Of Fedoras and Bunions

"Daddy, do you have your hat," I can hear Grammy's voice as she and Grampy would prepare to sally forth. She in her mink with a perfectly coordinated silk scarf and he in his fedora. Somehow, I ended up with the scarf, the fedora, and for a time the mink. I can remember wearing the fedora around college and then around town. At some point I jettisoned the mink and more recently the fedora went out the door. The scarf remains -- a mix of oranges and golds tucked away in a box with various other scarves acquired during my life. Scarves that I no longer wear but somehow can not bear to part with.

Somewhere there are pictures of my grandfather wearing that fedora and my grandmother in that mink. I know that she used to wear it as she caught the sun in Elinor Village when they wintered in Florida. The fur was damaged as a result -- with the shoulders and collar turning the color of straw and feeling just a tad rough (under the arms was just as soft as could be). Somewhere there is a picture of a younger me wearing that fedora -- jauntily tipped at just the right angle. An article of clothing that could at once make me feel like a cool girl but also could just bring a smile to my face because it was grampy's.
He and I never had the easiest of relationships. I was the kid who was reading Deliverance (scandalous!) at too young of an age. I remember his voice drifting up to the bedroom in Washington, CT where I lay curled up with a book -- that book. "How could you let her read that, he said to my mother. She kind of laughed and told him she had stopped trying to screen what I read once I started to check books out of the adult library. Things got a bit heated and I started to read faster (who knew, maybe she'd take it away, see his side of things). To this day, I wonder if she had actually read Deliverance at that point -- did she know what was causing him to make such a ruckus? Did she know that I also devoured Valley of the Dolls up in Maine? I think for her, it just mattered that I was an omniverous reader -- constantly with a book. Seems kind of funny now -- those books being scandalous that is.
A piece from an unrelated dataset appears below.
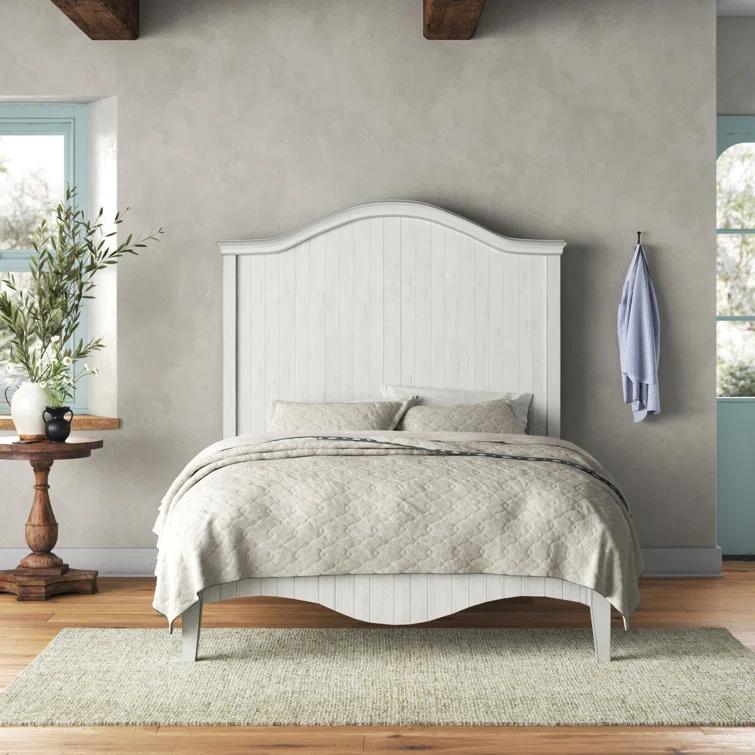 Ramey Solid Wood Storage Bed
Grampy was quite something -- feisty and climbing trees well into his 70s. He could bring my aunt Monica to tears of frustration (and use of valium) just by the way he gave directions to Lake Quasipog. In the family lore (the stories you carry around), she turned the tables on him once, slippng valium on one of their last trips to Florida, dropping it into his coffee just so she could get him from point A to point B. I think it was likely the early stages of his dementia which would never really conquer his spirit but gradually take his mind.
I remember the way he coped with his bunions -- cutting holes out of his black leather shoes and wearing those with black socks and a bathing suit to Mt. Tom. He would shed things into a neat pile and unerringly find that rock near the shore so he could execute a shallow dive. Often, he would join us kids in standing on our heads as we played in the shallows of that spring-fed pond inat the end of a hot summer day.

As I sit here late on a Wednesday evening with my own throbbing bunion, I am wondering if I will hit a point where I have to cut holes in my shoes to get myself through the day. Unlike the fedora. Unlike the mink. I can't just toss this thing that is growing on my big toe joint out because it no longer suits me. In reality, it's a pretty small bunion as bunions -- or bumps as my sister calls them -- go. Like the fedora though, it ties me to an earlier memory of a man who was opinionated, strong as an ox, and stubborn as could be.

I wish I could meet that man again as I turn the corner into the 2nd half of my life. I'd like to meet that woman who married him as well -- Grammy of the afternoon Manhattans that Jimmy (my father) made just perfectly. She was the softer half of this duo -- always gracious and someone who you wanted to help. On many a summer morning we would hear her voice from downstairs asking "Daddy, do you think they're awake? Frosty (the dog) go get them up." And there they would be as we tumbled down the stairs, blueberry pancakes (a Grampy specialty) at the ready to fortify us for the day.

It would be great to have one of those breakfasts now that I'm old enough to appreciate it. Instead, I have a scarf, a throbbing bunion, and the memory of his and my fedora. And that is enough.


  1. Lovely writing! My grandpa always wore a hat too and was a great guy. Funny, I was just thinking today that I inherited his goofy way of doing/repairing things as I painted a chair in a three foot square area in the garage trying not to get paint on anything besides my clothes and hair as I bent upside down instead of doing it the correct way.

  2. that is too funny. mine had a work room -- down in the basement and all sorts of tools from his day as a welder. I don't think i inherited any of his handiness -- my only project ever was to strip and refinish a chest of draws. that did come out nice though.

  3. Wow! I was spellbound. I always knew you were a great writer...but this was poetry for my eyeballs. That post was truly enchanting... thank you for sharing such detailed and beautiful memories... I had never heard any of this... you've made my day.